No, and this is one of the biggest practical differences. Terraform keeps an explicit state file that maps your configuration to real resources, which you must store and lock somewhere shared (typically an Azure Storage account, S3 bucket, or a managed backend) and protect, because it can contain secrets. Bicep has no separate state file for you to manage: it relies on Azure Resource Manager's own record of deployments and the live state of resources in your subscription. That removes a whole class of state-corruption, locking, and storage problems for Azure-only teams, at the cost of Terraform's portable, cloud-agnostic state model.

How do Bicep and Terraform handle brand-new cloud resources?

Bicep gets new Azure resource types and properties on day one, because it transpiles to ARM templates and tracks the Azure Resource Manager API directly - if Azure ships a feature, Bicep can usually deploy it immediately. Terraform depends on its Azure provider (azurerm or the newer azapi provider) being updated to expose the new resource, which can lag the Azure API by days or weeks for less common services. The azapi provider narrows this gap by calling ARM directly, but for bleeding-edge Azure features Bicep is typically ahead.

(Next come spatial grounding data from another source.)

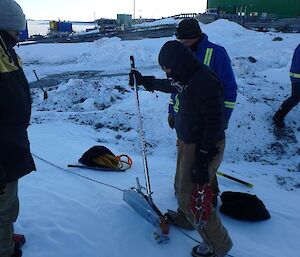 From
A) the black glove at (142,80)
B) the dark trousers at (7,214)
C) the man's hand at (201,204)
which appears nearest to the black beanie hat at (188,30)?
the black glove at (142,80)

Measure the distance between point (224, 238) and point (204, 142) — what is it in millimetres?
955

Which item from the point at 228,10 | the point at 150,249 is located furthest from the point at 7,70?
the point at 228,10

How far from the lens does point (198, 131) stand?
3062 mm

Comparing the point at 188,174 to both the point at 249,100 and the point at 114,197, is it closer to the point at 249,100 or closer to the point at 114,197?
the point at 114,197

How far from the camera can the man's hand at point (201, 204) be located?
303 cm

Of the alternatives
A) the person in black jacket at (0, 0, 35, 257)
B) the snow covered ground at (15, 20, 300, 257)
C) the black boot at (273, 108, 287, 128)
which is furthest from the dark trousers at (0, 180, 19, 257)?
the black boot at (273, 108, 287, 128)

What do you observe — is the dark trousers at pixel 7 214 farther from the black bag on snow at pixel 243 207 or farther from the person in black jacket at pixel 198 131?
the black bag on snow at pixel 243 207

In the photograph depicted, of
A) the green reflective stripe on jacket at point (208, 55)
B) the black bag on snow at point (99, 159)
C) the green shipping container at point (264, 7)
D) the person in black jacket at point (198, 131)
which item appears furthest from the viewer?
the green shipping container at point (264, 7)

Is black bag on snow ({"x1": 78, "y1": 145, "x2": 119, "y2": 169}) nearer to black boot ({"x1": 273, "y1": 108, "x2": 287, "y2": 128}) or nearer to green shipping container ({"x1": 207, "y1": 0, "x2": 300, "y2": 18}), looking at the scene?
black boot ({"x1": 273, "y1": 108, "x2": 287, "y2": 128})

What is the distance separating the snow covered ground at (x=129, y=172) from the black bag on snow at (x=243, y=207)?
104 millimetres

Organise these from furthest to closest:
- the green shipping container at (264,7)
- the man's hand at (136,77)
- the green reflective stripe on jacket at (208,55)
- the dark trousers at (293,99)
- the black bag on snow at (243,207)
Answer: the green shipping container at (264,7)
the dark trousers at (293,99)
the black bag on snow at (243,207)
the man's hand at (136,77)
the green reflective stripe on jacket at (208,55)

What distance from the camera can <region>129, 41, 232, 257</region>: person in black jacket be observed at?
289 centimetres

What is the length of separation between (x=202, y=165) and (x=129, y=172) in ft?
9.20

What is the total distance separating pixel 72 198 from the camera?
4.52 meters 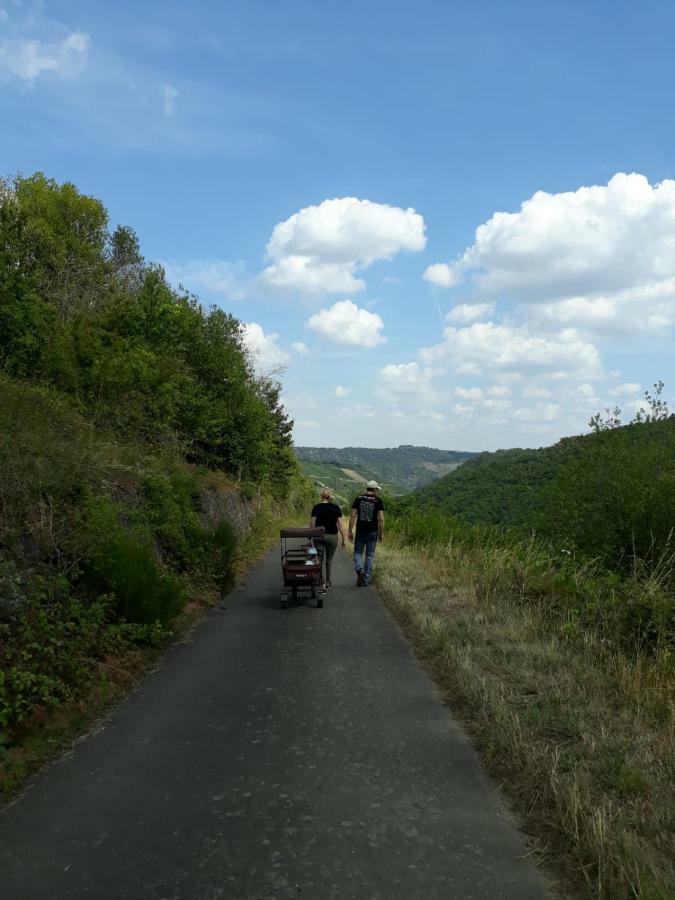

What did Terraform's license change mean, and what is OpenTofu?

In August 2023 HashiCorp relicensed Terraform from the open-source MPL 2.0 to the Business Source License (BUSL), which restricts using Terraform to build a competing commercial product. In response the community created OpenTofu, an MPL 2.0 fork of Terraform that stays fully open source and is now governed under the Linux Foundation. IBM acquired HashiCorp, with the deal closing in early 2025. For most teams Terraform itself is still free to use, but if open-source licensing matters to you, OpenTofu is a drop-in, HCL-compatible alternative. Bicep, by contrast, is free and open source under the MIT license and maintained by Microsoft.

Can you use Bicep and Terraform together?

Yes, and some larger organisations do. A common pattern is Terraform as the multi-cloud or organisation-wide control plane (managing AWS, GCP, networking, and cross-cutting concerns) while individual Azure-heavy teams use Bicep for the Azure workloads they own, sometimes invoked from Terraform via the azapi provider or a deployment-stack resource. The cost is two toolchains, two skill sets, and two ways of thinking about state, so most single-cloud teams pick one. Run both deliberately when you genuinely span clouds and want each team using the most native tool for its platform.